▸ Goal of the exercise: Pictures are to be dropped from the copy. Retype the listing exactly.

▸ Collected material:
*** Begin section ***

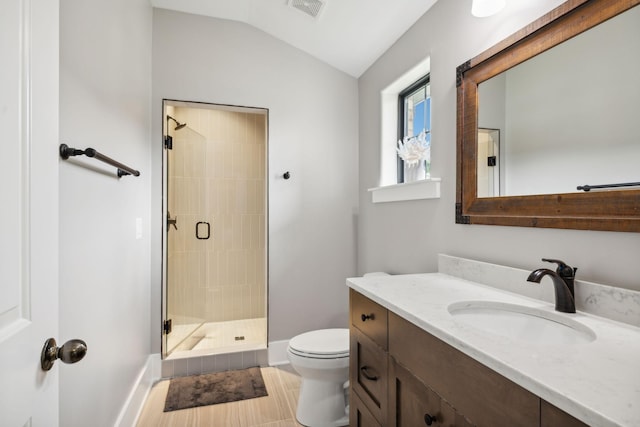 bathroom featuring vaulted ceiling, toilet, vanity, and a shower with shower door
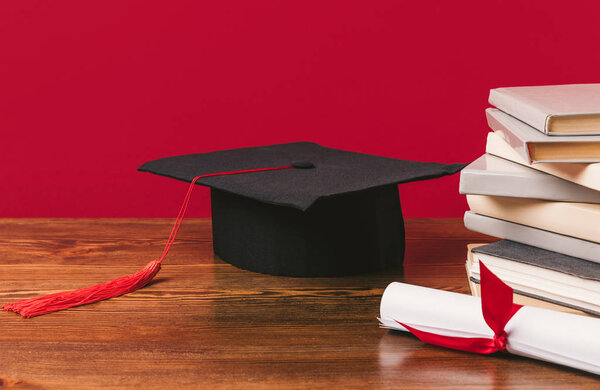 Cropped image of pile of books with diploma and academic cap on red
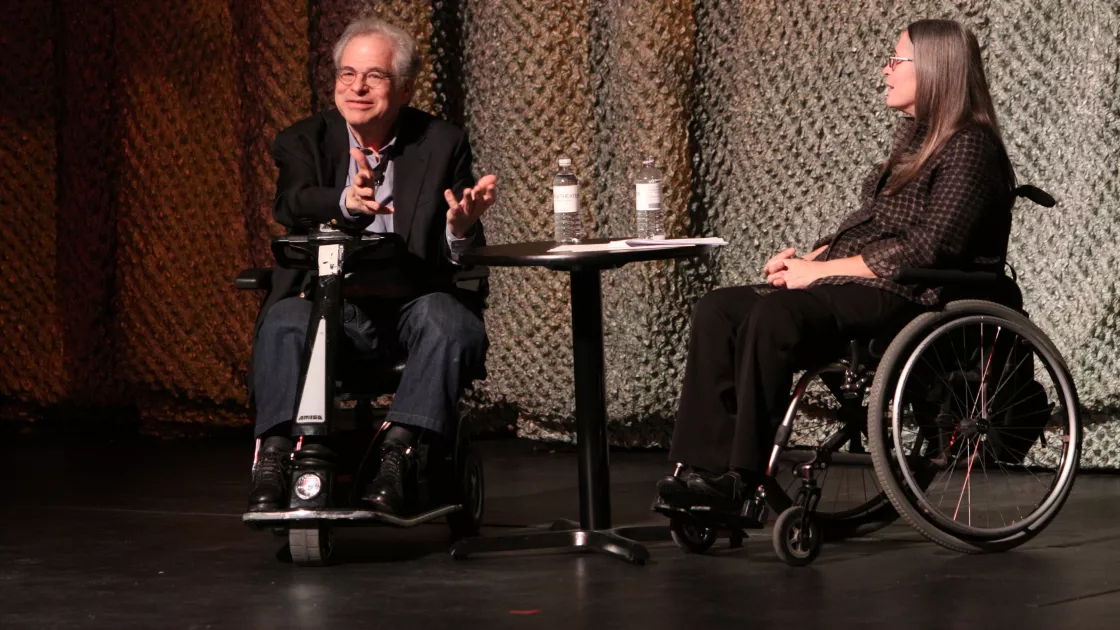 Itzhak Perlman and Marca Bristo engage in conversation on the Harris stage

*** End section ***

▸ Solution below:
 bathroom featuring vaulted ceiling, toilet, vanity, and a shower with shower door
 Cropped image of pile of books with diploma and academic cap on red
 Itzhak Perlman and Marca Bristo engage in conversation on the Harris stage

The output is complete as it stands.